Dataset excerpts Block Start

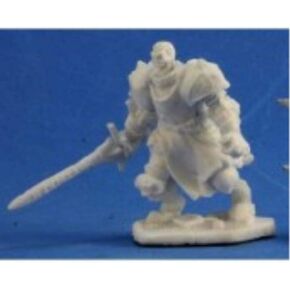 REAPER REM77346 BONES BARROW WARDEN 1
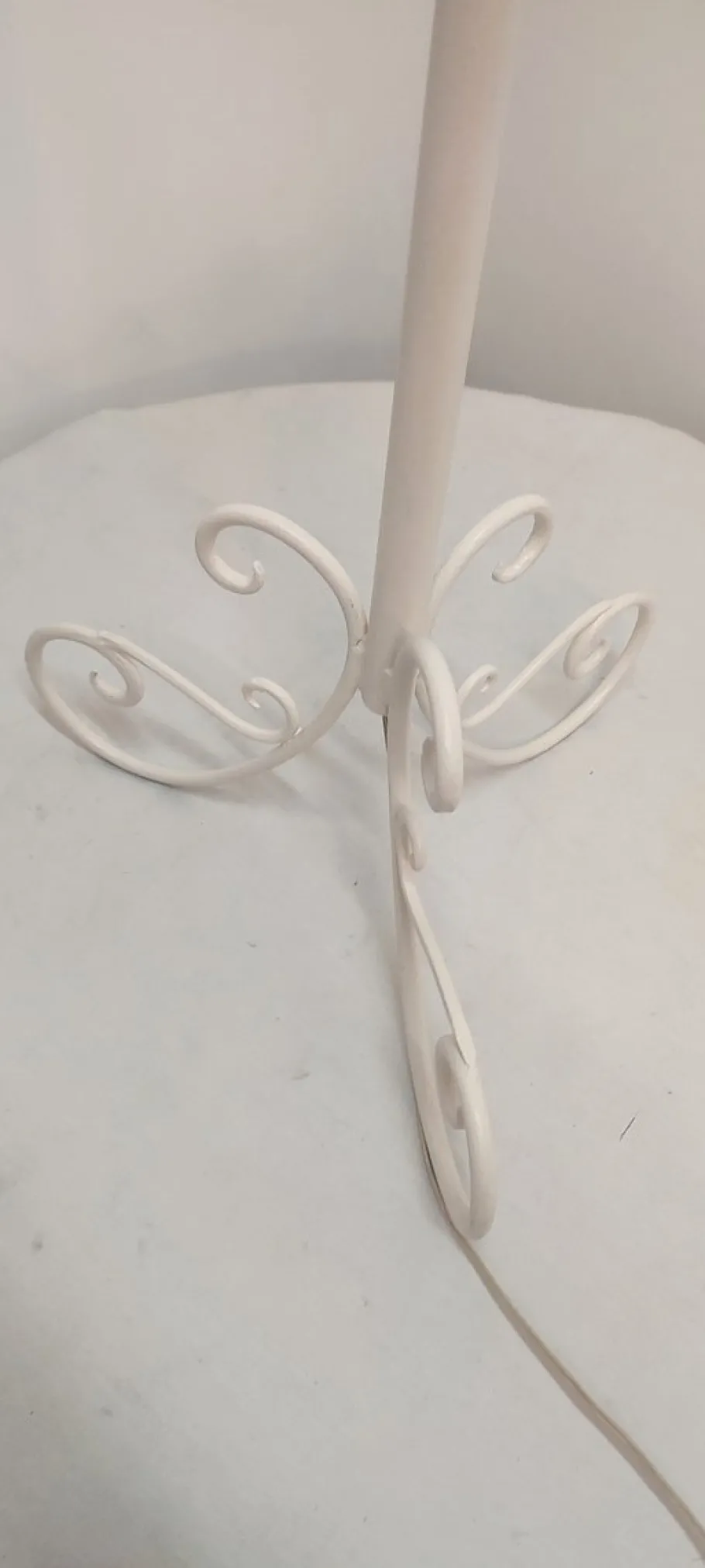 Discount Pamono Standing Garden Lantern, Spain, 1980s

Dataset excerpts Block End
Dataset excerpts Block Start

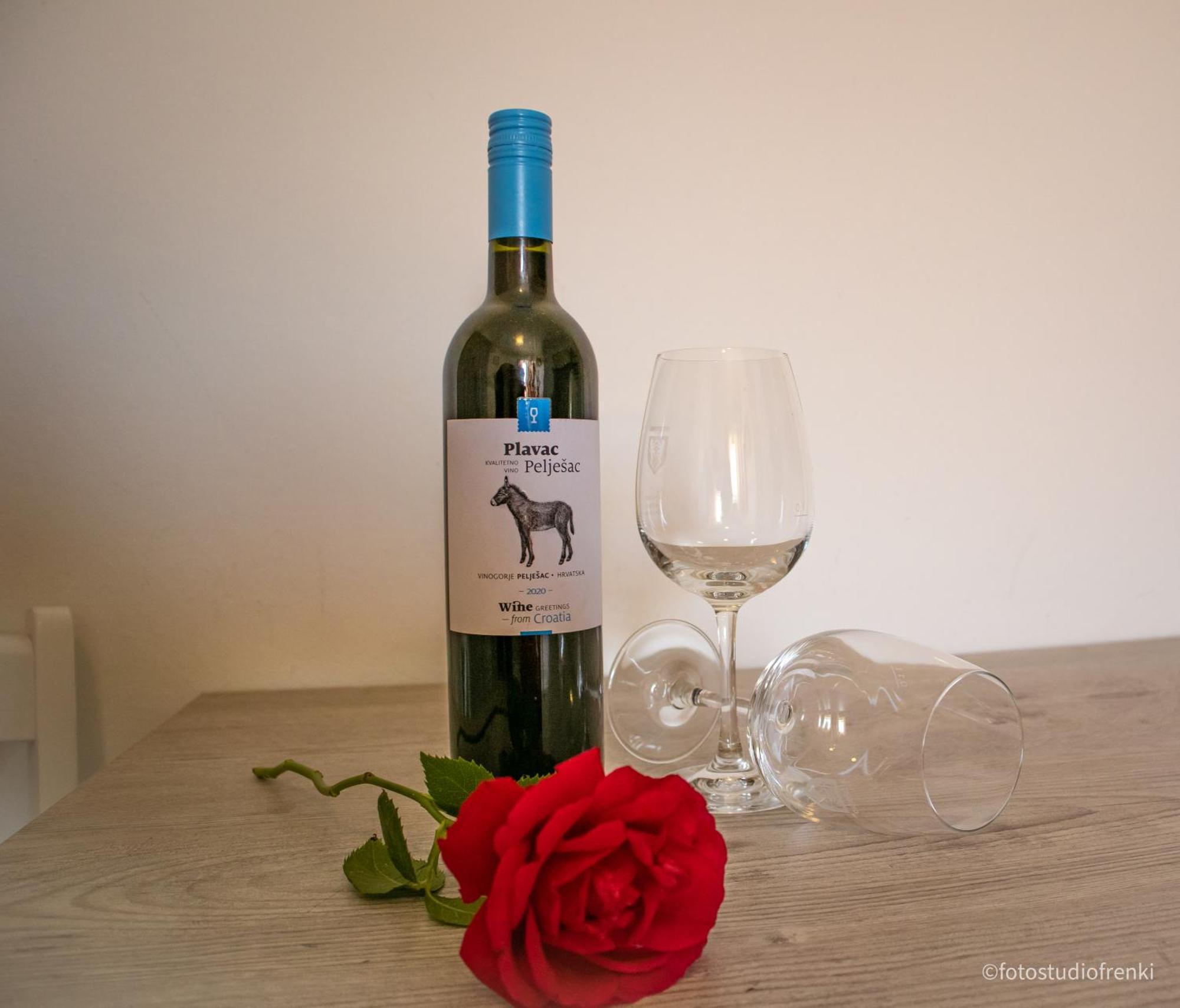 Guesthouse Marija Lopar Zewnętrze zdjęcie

Dataset excerpts Block End
Dataset excerpts Block Start

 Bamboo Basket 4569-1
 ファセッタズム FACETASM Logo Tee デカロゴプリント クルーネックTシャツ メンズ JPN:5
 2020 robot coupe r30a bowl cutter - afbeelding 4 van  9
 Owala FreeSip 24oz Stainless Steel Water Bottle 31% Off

Dataset excerpts Block End

Precisely the lines between those holding "Bamboo Basket 4569-1" and "Owala FreeSip 24oz", inclusive, are to be reproduced from the listing above, with nothing added.

 Bamboo Basket 4569-1
 ファセッタズム FACETASM Logo Tee デカロゴプリント クルーネックTシャツ メンズ JPN:5
 2020 robot coupe r30a bowl cutter - afbeelding 4 van  9
 Owala FreeSip 24oz Stainless Steel Water Bottle 31% Off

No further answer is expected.